**WHAT THE EXERCISE ASKS:** All that is wanted is the exact text of the lines below from the one with "1-к. квартира, 42 м, 1/9 эт. - Фото 1" through the one with "盘点那些极端粉丝：薛之谦现场被强吻，迪丽热巴直播时被粉丝求婚", inclusive, minus any pictures.

**INFORMATION PROVIDED:**
◆ ◆ ◆ ◆ ◆
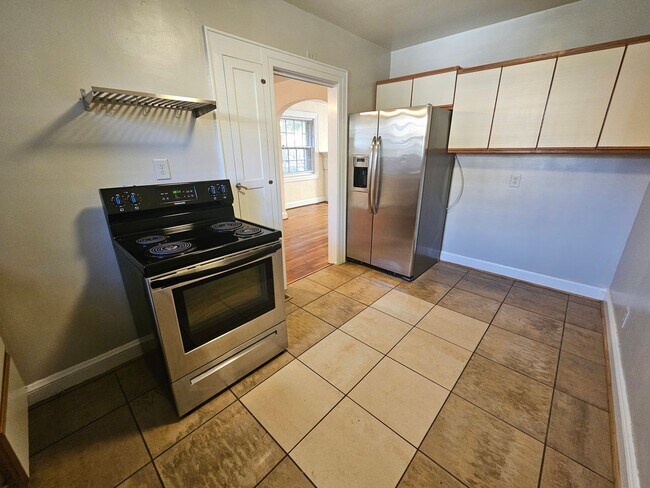 Building Photo - Westmoreland1132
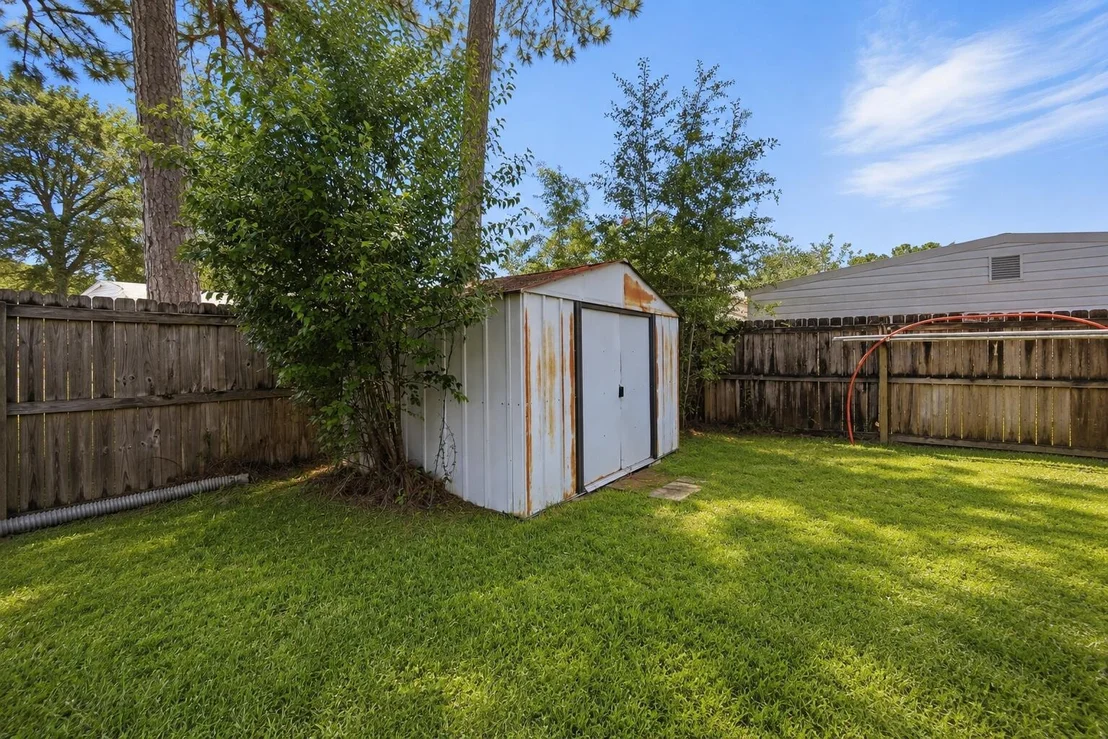 Photo of 5925 Wind Trace Road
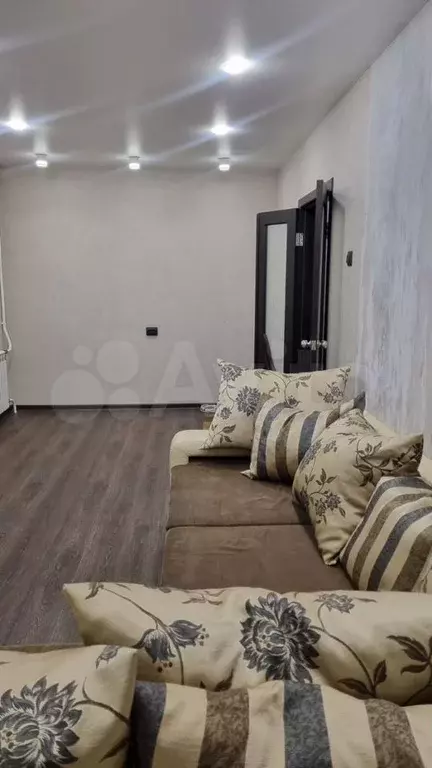 1-к. квартира, 42 м, 1/9 эт. - Фото 1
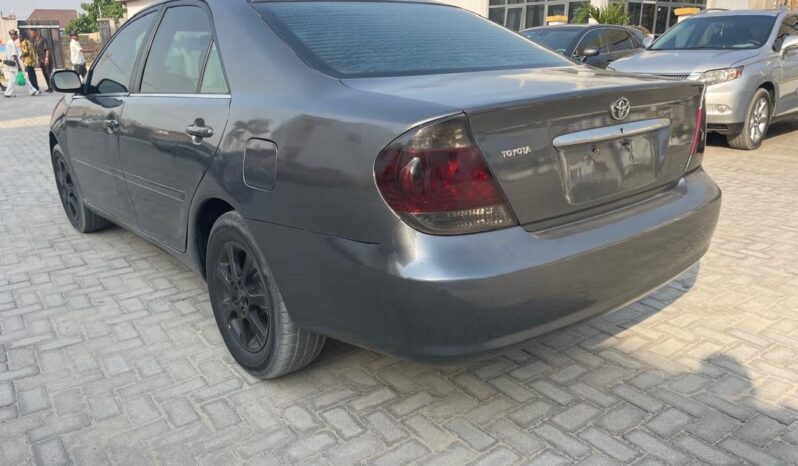 
								2005 Toyota Camry full									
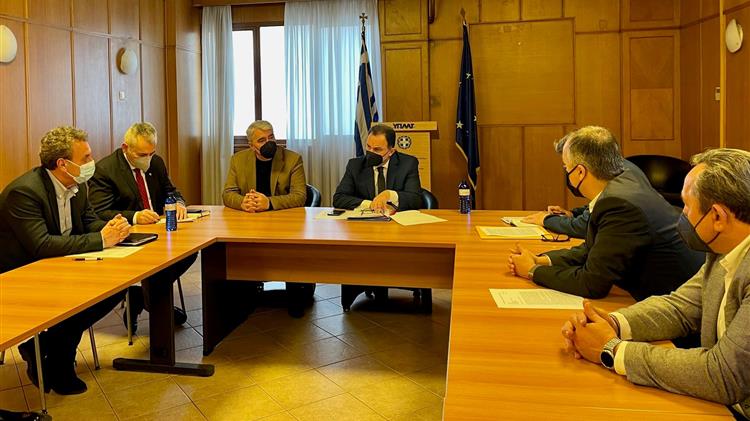 Ρεύμα και ζωοτροφές “καίνε” και τους χοιροτρόφους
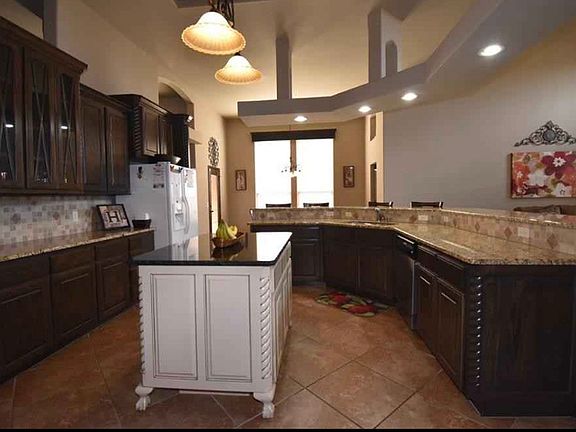 4th image of 3212 Hampshire Ln
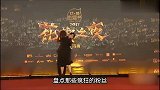 盘点那些极端粉丝：薛之谦现场被强吻，迪丽热巴直播时被粉丝求婚
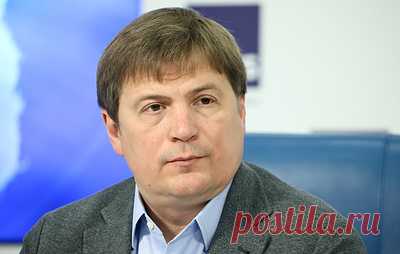 Сергей Рыбаков: хотим спасти выхухоль дополненной реальностью. Генеральный директор нового фонда охраны природы и сохранения редких видов животных и растений "Природа и люди" Сергей Рыбаков дал интервью ТАСС в рамках Петербургского международного экономического форума (ПМЭФ). Он рассказал, каких животных опекает фонд, какие программы ведет, откуда привлекает средства, как будет участвовать в предстоящих экологических конференциях ООН, а также в саммите стран БРИКС в Казани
◆ ◆ ◆ ◆ ◆
**OUTPUT FOR THIS EXERCISE:**
 1-к. квартира, 42 м, 1/9 эт. - Фото 1
								2005 Toyota Camry full									
 Ρεύμα και ζωοτροφές “καίνε” και τους χοιροτρόφους
 4th image of 3212 Hampshire Ln
 盘点那些极端粉丝：薛之谦现场被强吻，迪丽热巴直播时被粉丝求婚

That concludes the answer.